情動〜フランシス・ベーコンのこと〜

フランシス・ベーコン展」 に行って来た。


ピカソと並んで評される20世紀を代表する画家。
少し前に30億以上の価格で落札されて話題になった。
ちなみに90億ついた作品もある。。



初めてベーコンの作品を認識したのは、二十歳そこそこの頃だと思う。
予備知識もなく触れた作品は衝撃的だった。
性的な暴力性を感じるような恐怖感。だけど美しい。
――やばい。
と直感的に思った。


没後アジア初となる今回の回顧展、これほど大規模なものは生きているうちに無いかもしれない。
今回はベーコン自身の生い立ちなどを予習し、がっつり見てやろうと意気込んだ。
ハードゲイでマゾというかなりハードコアな特徴があり、それゆえに人生もすごいことになっている。。。

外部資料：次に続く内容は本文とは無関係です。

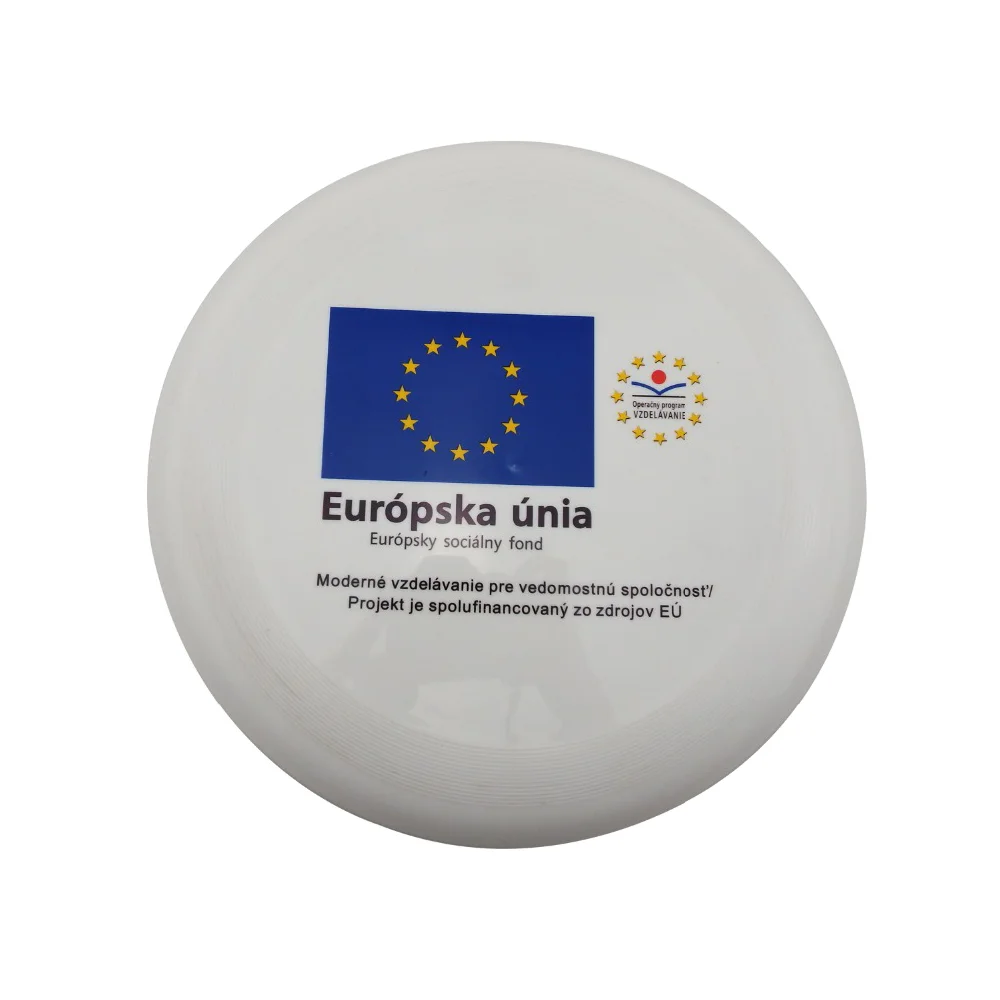 175g  Customized LOGO Colorful Sports Goods Plastic Flying Disc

知れば知るほど怖くなるベーコン。いろんな意味でビビりながら会場に足を運んだ。
結論からいうと、素晴らしかった。本当に素晴らしかった。
情動、という言葉が一番しっくりくる。
暗く、時にグロテスクで、断続的な作品の数々。
だが切実な生の運動がある。


恐らく、孤独な人間が見たら究極の選択を突きつけられるかもしれない。
生きるか死ぬか。
それほどまでに作品の持つ力が圧倒的だった。


私などは時期がズレていたら、変なことになってたかもしれない。
べっとりと精神にペンキを塗られたような気持になったが、
この気持ちは大事にしたいと思った。


そして、美術は素晴らしいとあらためて思ったわけである。